Exogenous Feedback: the future purview of RL designers — how a optimized environment impacts systems outside of the predetermined domain.
Types of risk:
Scoping the Horizon: determining the timescale of an agents goals has an incredible impact on behavior. In research this is often discussed in the realm of sparse rewards, but in the real world agents can externalize costs depending on the defined horizon.
Defining Rewards: the classic risk of RL systems, reward hacking, where the designer and agent negotiate behaviors based on a specific function. In the real world, this can often result in unexpected and exploitative behavior.
Pruning Information: a common practice in RL research is to change the environment to fit your needs. In the real world, modifying the environment is changing the information flow from the environment to your agent. Doing so can dramatically change what the reward function means for your agent and offload risk to external systems.
Training Multiple Agents: little is known how learning systems will interact. When their relative concentration increases, the terms defined in their optimization can re-wire norms and values encoded in the application domains.

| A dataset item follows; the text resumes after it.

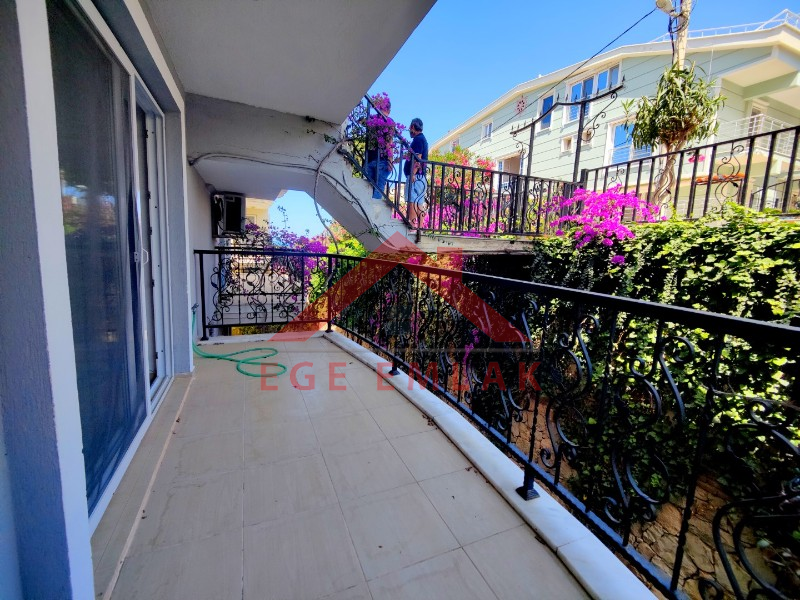 Denize Sıfır Sitede Kiralık 2+1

The TL;DR - Reward Reporting
We propose Reward Reports, a new form of documentation that foregrounds the societal risks posed by automated decision-making systems (ADS), whether explicitly or implicitly construed as RL. Building on proposals to document datasets and models, we focus on reward functions: the objective that guides optimization decisions in feedback- laden systems. Reward Reports comprise questions that highlight the promises and risks entailed in defining what is being optimized in an AI system, and are intended as living documents that dissolve the distinction between ex- ante specification and ex-post harm. As a result, Reward Reports provide a framework for ongoing deliberation and accountability after a system is deployed.

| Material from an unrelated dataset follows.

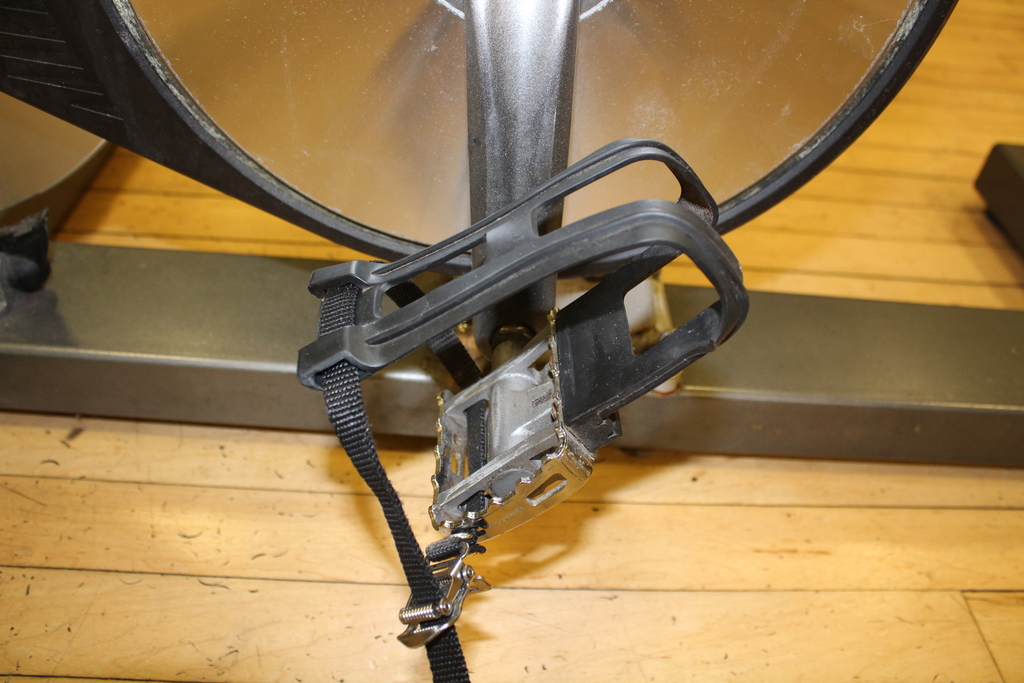 Image of Cybex Glute Machine VR1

(more forthcoming on this soon)
Where do I start?
Here I provide some guidance on where you should start if you have different backgrounds and goals around RL systems:
I am a technical expert looking to understand the risks...
The most substantial section of our paper, “A Topology of Choices and Risks in RL Design” will translate common practice of RL engineers and researchers into clear mechanisms for action that impact the domain of interest and users.
I am interested in learning what RL really encompasses...
Start from the beginning! The “Introduction” gives an excellent overview on what makes RL click. This was one of the most enjoyable sections to create and would be very useful material for any introductory AI course.
I have a deep understanding of RL but have not thought about applying it to critical domains...
We have a specific section dedicated to walking through how risks emerge in three application domains: social media recommendations, vehicle transportation, and energy infrastructure.
I am a policymaker looking for your recommendation...
Honestly, we hope you read the whole thing, but the governance mechanisms can give you a TL;DR on the necessary actions.
I am curious on your thoughts of the future of RL research...
The appendix it is. Explore ideas such as how offline RL breaks feedback loops and where the model-based vs. model-free debate will engage with society.